Ground breaking work happens at La MaMa because we believe in giving artists the time and space to refine their creative process as they make new work. Artists like Meredith Monk, Robert Wilson, Harvey Fierstein, Tan Dun, Joel Zwick, Mike Figgis, Jackie Curtis, Blue Man Group, John Kelly, David and Amy Sedaris -and others whose names you haven’t heard of yet – began at La MaMa. We wish we could name everyone who has been part of our history but all of our artists and resident companies – past, present, and future – contribute to the living and breathing artistic legacy of La MaMa.
La MaMa has been honored with over thirty Obie Awards, dozens of Drama Desk Awards, Bessie Awards and Villager Awards.  In 2018, La MaMa received the Regional Theatre Tony Award.

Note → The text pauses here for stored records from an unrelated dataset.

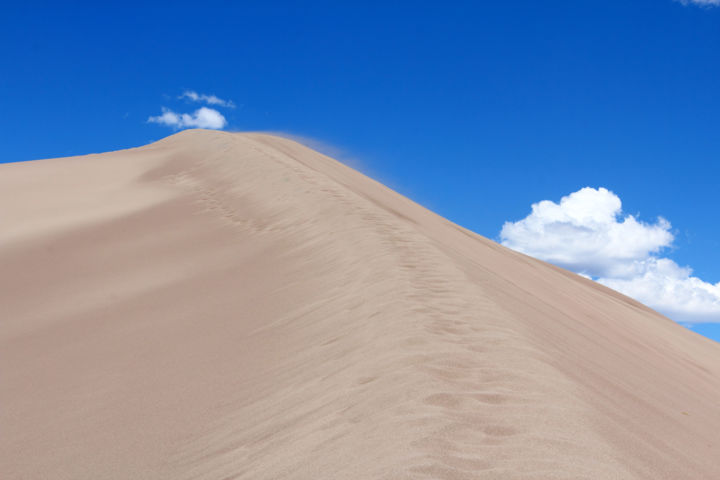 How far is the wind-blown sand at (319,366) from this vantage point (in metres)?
2.84

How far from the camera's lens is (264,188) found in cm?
1209

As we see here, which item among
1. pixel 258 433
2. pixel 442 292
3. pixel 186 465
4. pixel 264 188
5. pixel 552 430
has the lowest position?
pixel 186 465

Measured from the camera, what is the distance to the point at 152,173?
1642 cm

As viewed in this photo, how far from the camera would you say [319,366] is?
430 centimetres

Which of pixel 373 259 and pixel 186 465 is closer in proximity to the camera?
pixel 186 465

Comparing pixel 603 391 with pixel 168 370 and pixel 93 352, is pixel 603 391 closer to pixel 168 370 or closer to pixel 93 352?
pixel 168 370

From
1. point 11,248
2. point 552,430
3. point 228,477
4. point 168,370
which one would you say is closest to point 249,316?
point 168,370

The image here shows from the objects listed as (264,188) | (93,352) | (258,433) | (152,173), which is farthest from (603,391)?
(152,173)

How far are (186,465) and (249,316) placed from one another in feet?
8.64

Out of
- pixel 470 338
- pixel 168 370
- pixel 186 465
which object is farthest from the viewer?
pixel 168 370

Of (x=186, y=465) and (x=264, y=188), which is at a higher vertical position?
(x=264, y=188)

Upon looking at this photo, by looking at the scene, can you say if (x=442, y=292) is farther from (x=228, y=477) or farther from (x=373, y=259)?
(x=228, y=477)

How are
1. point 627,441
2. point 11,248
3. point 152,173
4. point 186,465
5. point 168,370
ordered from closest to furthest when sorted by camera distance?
point 627,441 < point 186,465 < point 168,370 < point 11,248 < point 152,173

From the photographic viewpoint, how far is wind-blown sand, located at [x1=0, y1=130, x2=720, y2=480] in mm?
2836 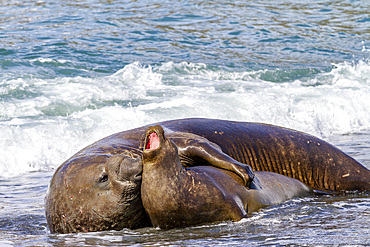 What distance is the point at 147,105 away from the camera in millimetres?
11133

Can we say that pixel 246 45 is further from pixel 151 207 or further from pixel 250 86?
pixel 151 207

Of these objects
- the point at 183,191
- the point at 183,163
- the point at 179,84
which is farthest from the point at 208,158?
the point at 179,84

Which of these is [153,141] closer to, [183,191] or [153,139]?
[153,139]

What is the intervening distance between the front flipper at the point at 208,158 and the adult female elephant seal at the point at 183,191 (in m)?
0.06

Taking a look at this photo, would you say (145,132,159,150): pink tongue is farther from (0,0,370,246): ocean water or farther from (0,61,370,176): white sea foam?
(0,61,370,176): white sea foam

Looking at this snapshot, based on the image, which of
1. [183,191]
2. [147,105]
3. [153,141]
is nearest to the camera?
[153,141]

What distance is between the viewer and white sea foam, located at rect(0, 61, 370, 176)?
8992 mm

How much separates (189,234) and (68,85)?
28.4 ft

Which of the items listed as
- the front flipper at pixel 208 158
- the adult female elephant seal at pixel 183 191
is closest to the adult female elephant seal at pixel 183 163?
the front flipper at pixel 208 158

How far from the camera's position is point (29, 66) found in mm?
13664

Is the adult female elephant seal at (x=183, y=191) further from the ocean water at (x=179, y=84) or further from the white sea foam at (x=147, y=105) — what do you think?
the white sea foam at (x=147, y=105)

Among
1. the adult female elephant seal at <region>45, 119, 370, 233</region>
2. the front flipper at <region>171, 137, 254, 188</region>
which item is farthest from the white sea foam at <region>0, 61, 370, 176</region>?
the front flipper at <region>171, 137, 254, 188</region>

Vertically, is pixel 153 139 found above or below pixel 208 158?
above

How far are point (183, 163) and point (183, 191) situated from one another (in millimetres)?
607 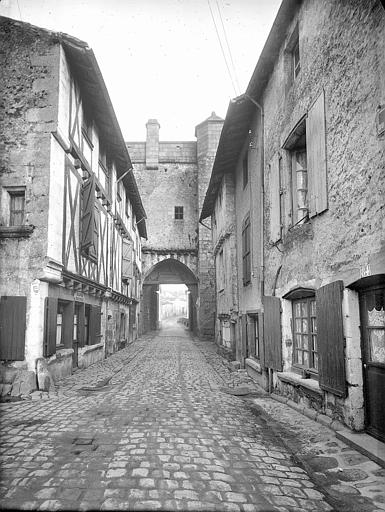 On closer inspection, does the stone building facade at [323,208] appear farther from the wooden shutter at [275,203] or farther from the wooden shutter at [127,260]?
the wooden shutter at [127,260]

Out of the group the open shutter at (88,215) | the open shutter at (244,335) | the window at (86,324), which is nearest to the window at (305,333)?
the open shutter at (244,335)

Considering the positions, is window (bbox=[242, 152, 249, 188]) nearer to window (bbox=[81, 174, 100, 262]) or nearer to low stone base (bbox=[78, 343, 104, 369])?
window (bbox=[81, 174, 100, 262])

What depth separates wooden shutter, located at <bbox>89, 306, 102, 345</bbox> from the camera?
38.2 feet

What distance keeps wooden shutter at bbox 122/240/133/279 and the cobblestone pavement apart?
9722 millimetres

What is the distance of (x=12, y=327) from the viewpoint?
7.39 metres

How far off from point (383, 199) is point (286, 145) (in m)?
3.39

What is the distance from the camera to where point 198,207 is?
2555 centimetres

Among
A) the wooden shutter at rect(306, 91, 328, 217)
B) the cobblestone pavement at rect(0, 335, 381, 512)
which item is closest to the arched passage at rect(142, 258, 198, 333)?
the cobblestone pavement at rect(0, 335, 381, 512)

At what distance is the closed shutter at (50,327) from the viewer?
25.2 ft

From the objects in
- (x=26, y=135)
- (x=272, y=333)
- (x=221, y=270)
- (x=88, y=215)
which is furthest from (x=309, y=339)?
(x=221, y=270)

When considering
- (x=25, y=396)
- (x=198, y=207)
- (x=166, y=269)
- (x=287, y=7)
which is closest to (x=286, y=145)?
(x=287, y=7)

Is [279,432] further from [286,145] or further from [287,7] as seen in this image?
[287,7]

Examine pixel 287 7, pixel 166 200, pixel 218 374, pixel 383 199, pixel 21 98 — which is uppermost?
Answer: pixel 166 200

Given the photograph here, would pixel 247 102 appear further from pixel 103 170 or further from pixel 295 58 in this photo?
pixel 103 170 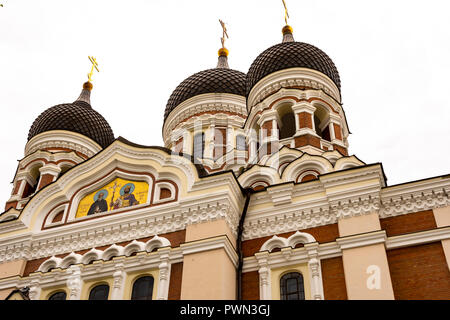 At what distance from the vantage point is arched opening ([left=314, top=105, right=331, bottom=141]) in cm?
1480

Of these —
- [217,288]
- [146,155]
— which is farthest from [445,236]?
[146,155]

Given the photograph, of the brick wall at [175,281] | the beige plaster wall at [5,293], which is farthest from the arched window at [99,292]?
the beige plaster wall at [5,293]

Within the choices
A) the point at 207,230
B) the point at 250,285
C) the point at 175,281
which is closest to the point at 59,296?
the point at 175,281

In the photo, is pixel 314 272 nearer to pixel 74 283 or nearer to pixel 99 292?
pixel 99 292

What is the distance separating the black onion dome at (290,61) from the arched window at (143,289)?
7582 millimetres

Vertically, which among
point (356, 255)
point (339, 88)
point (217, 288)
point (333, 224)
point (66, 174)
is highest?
point (339, 88)

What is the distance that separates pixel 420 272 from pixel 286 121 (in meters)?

Today La MaMa is a world renowned cultural institution located in 4 buildings on the Lower East Side of Manhattan. La MaMa's campus is home to four theatres, an art gallery, a six-storey rehearsal studio building, a visiting artist dormitory, commercial and not for profit office spaces, and an extensive archive documenting the history of Off-Off Broadway.